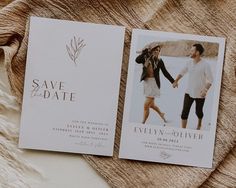 two save the dates cards sitting on top of a blanket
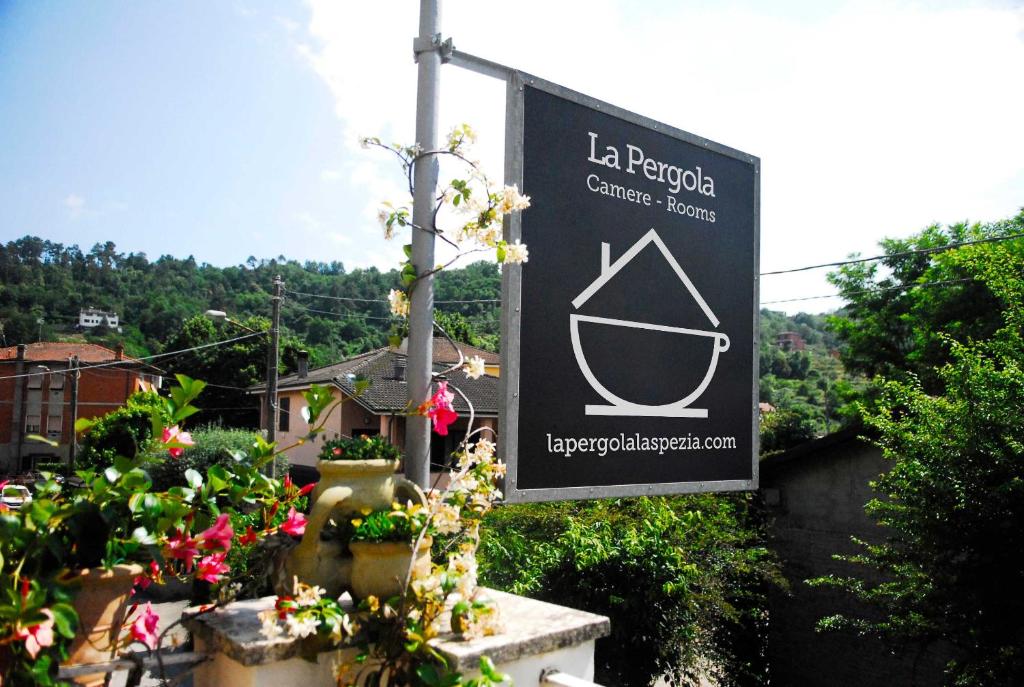 una señal para el centro de ciencias culturales de la pazoba con flores en La Pergola, en Vezzano Ligure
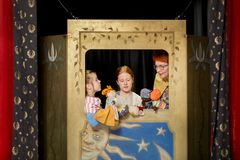 Två barn och en vuxen leker med handdockor i Barnens stad på Helsingfors stadsmuseum.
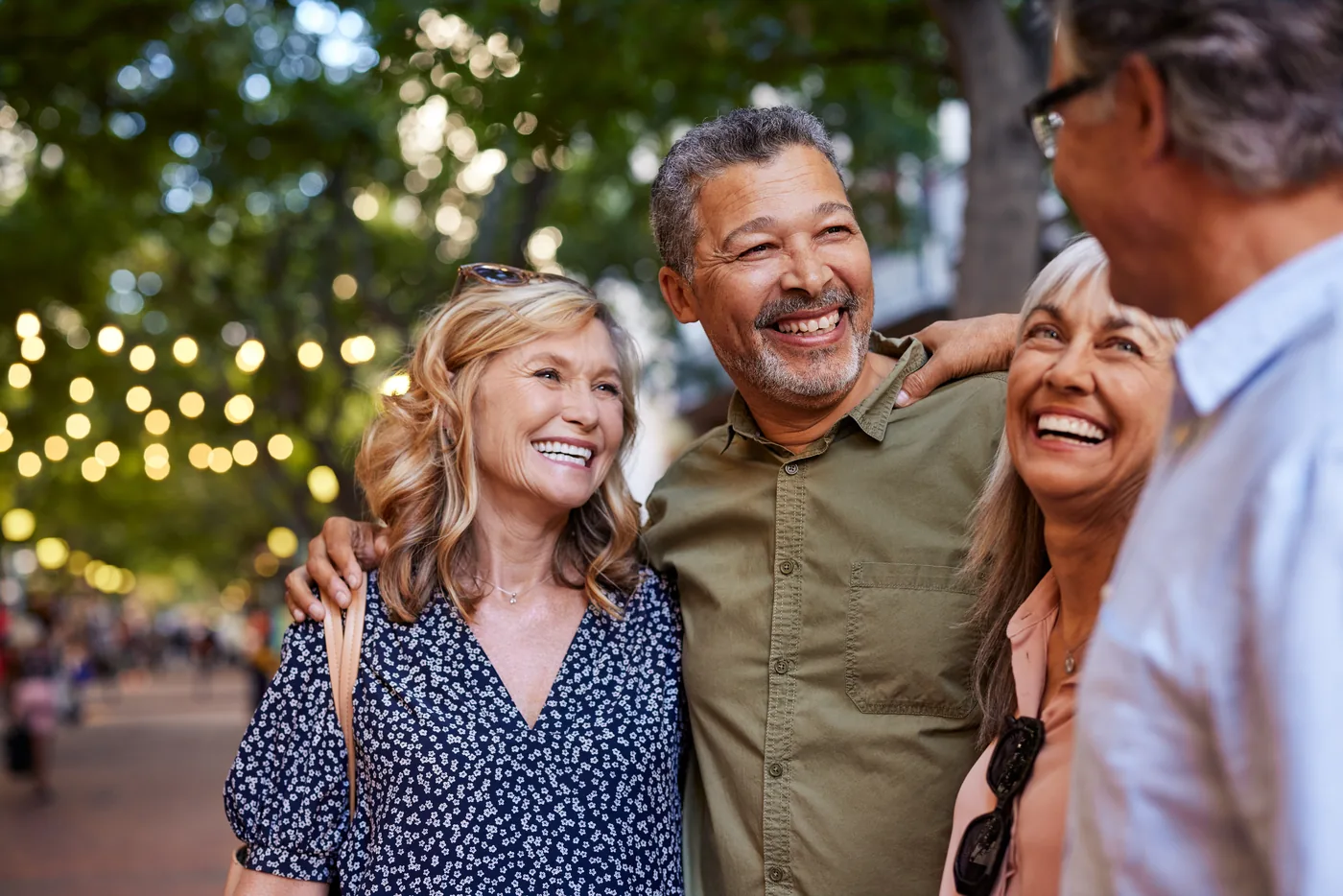 Four friends of retirement age laughing together on a tree-lined street at dusk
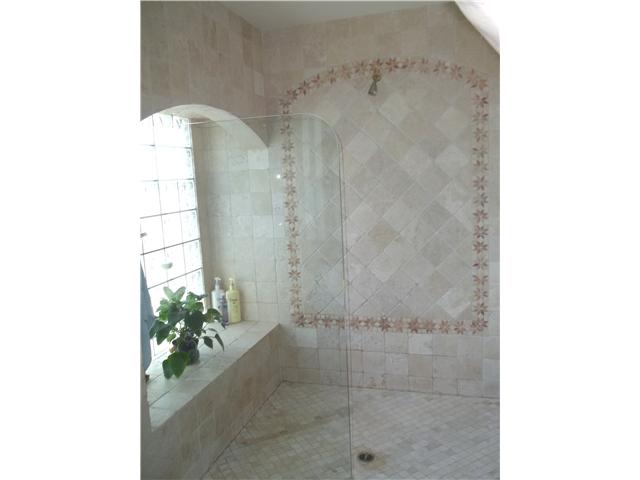 13666 Quinton Road San Diego, CA 92129 - Photo 13 of 25 Upgraded Master Bathroom Features Travertine Tile, New Fixtures, Spacious Shower Enclosure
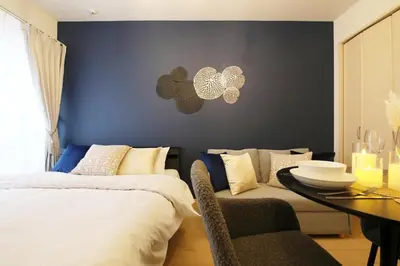 a bedroom with a blue wall with a bed and a table at Sakura Court Ebisu 203 in Tokyo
----------
Task to complete –
Each line from the beginning of the entries up to and including the one containing "Två barn och" must be restated exactly. Pictures are to be left out.

Task result –
 two save the dates cards sitting on top of a blanket
 una señal para el centro de ciencias culturales de la pazoba con flores en La Pergola, en Vezzano Ligure
 Två barn och en vuxen leker med handdockor i Barnens stad på Helsingfors stadsmuseum.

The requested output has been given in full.